Others may disagree but I look at workbenches a little from a physics stand point. For every action there is an opposite and equal reaction. That means if I'm chiseling on a bench that has any give or spring I'm going to feel that feedback. The base of a workbench is just as important as its top to me. I want all of the forces I apply to the top to be absorbed as much as possible. A strong base with a beefy connection to the top will assist in distributing forces applied.

As far as copying goes I don't think its an issue. Like you said you aren't selling this.


----------



## Sylvain (Jul 23, 2011)

Mosquito has made such a workbench
Start here
Quite interesting to follow.

As for "chiseling on a bench that has any give or spring" , it is recommended to chisel just atop a feet.
Look for Paul Sellers video "bad vibrations"

Nordic countries workbench have skinny bases, it doesn't seem to give them problems.
Some food for thinking

I don't think the Maguire's design has anything which was not done before, except, maybe, the board which allow closing the tool well.


----------



## BlasterStumps (Mar 13, 2017)

Sylvain writes: "I don't think the Maguire's design has anything which was not done before, except, maybe, the board which allow closing the tool well."

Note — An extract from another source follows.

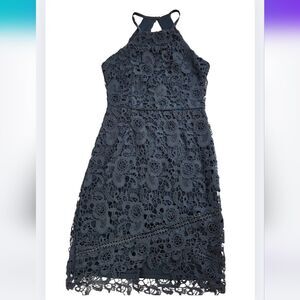 Francesca’s S Blue Halter Dress Mid Thigh Length Lined Open Back Lace H-3087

I really like the tool well with the removable bottoms that also can be made to close up the top. 
If I remake my bench, I will definitely build that feature again. Easy to clean out the tool well.


----------



## SMP (Aug 29, 2018)

Geez if you want to see how Richard did his laminated tops, check out his latest blog post. He even admits it was over the top. As to that joint, hard to say. I can see the dowels in top, He may use T&G, half laps, housing joints etc or some combination of them, whatever he knows will be strongest and most rack resistent.


----------